AI Quality Assurance Engineer (f/m/d) - Allianz - Frankfurt

Job description

As an AI Quality Assurance Engineer (f/m/d), you will be part of the AI Center of Enablement (AI CoE), which centrally coordinates the responsible adoption and scalable implementation of AI across AllianzGI by providing shared capabilities, governance frameworks, and reusable technical standards. As part of this mandate, you will operate the GenAI Hub as the central enablement platform for productivity and business use cases powered by generative and agentic AI capabilities, enabling decentralized teams to develop AI solutions within governance‑compliant environments.
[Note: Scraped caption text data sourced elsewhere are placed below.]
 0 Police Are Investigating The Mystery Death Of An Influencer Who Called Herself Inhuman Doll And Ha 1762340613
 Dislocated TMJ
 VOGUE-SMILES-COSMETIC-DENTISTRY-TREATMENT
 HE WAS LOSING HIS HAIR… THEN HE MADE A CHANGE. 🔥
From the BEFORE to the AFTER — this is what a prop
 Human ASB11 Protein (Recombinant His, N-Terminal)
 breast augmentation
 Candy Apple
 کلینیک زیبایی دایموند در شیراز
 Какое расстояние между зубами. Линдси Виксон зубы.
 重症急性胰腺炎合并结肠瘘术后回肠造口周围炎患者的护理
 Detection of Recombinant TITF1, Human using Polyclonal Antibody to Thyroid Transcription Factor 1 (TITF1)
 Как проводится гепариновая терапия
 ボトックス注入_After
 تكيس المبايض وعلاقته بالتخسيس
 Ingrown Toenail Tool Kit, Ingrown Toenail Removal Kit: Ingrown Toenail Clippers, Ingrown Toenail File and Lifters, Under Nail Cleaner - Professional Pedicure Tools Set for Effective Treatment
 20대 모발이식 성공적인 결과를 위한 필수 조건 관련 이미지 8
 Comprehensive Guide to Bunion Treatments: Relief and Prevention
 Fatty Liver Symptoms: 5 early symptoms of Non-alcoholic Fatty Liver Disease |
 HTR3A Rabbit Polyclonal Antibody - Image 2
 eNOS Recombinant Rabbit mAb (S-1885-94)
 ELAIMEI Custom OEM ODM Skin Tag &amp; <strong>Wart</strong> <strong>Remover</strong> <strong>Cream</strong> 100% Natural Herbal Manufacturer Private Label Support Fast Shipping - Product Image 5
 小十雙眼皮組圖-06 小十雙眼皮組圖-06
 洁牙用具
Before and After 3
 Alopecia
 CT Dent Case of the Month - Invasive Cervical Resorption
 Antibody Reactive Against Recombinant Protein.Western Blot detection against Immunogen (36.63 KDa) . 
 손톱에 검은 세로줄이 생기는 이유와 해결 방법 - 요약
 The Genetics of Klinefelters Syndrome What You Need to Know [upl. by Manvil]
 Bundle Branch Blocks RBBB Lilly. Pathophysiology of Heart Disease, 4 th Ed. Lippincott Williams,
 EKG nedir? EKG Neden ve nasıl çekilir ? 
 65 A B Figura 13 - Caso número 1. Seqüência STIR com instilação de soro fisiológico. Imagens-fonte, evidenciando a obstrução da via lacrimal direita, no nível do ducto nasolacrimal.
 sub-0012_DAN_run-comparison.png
In this context, you are responsible for the evaluation and validation of both centrally provided AI Hub capabilities and decentralized AI use cases. The role focuses on defining and operationalising evaluation approaches for Generative and Agentic AI systems, supporting delivery teams in translating functional AI requirements into technically testable criteria, and deriving reusable validation methods and best practices that can be adopted by other delivery teams and integrated into enterprise AI governance frameworks and standards. Acting as a central AI quality assurance and guardrails engineer within the AI CoE, the role promotes AI Quality Assurance methods that will enable the scalable and regulatorily compliant deployment of AI systems across the company.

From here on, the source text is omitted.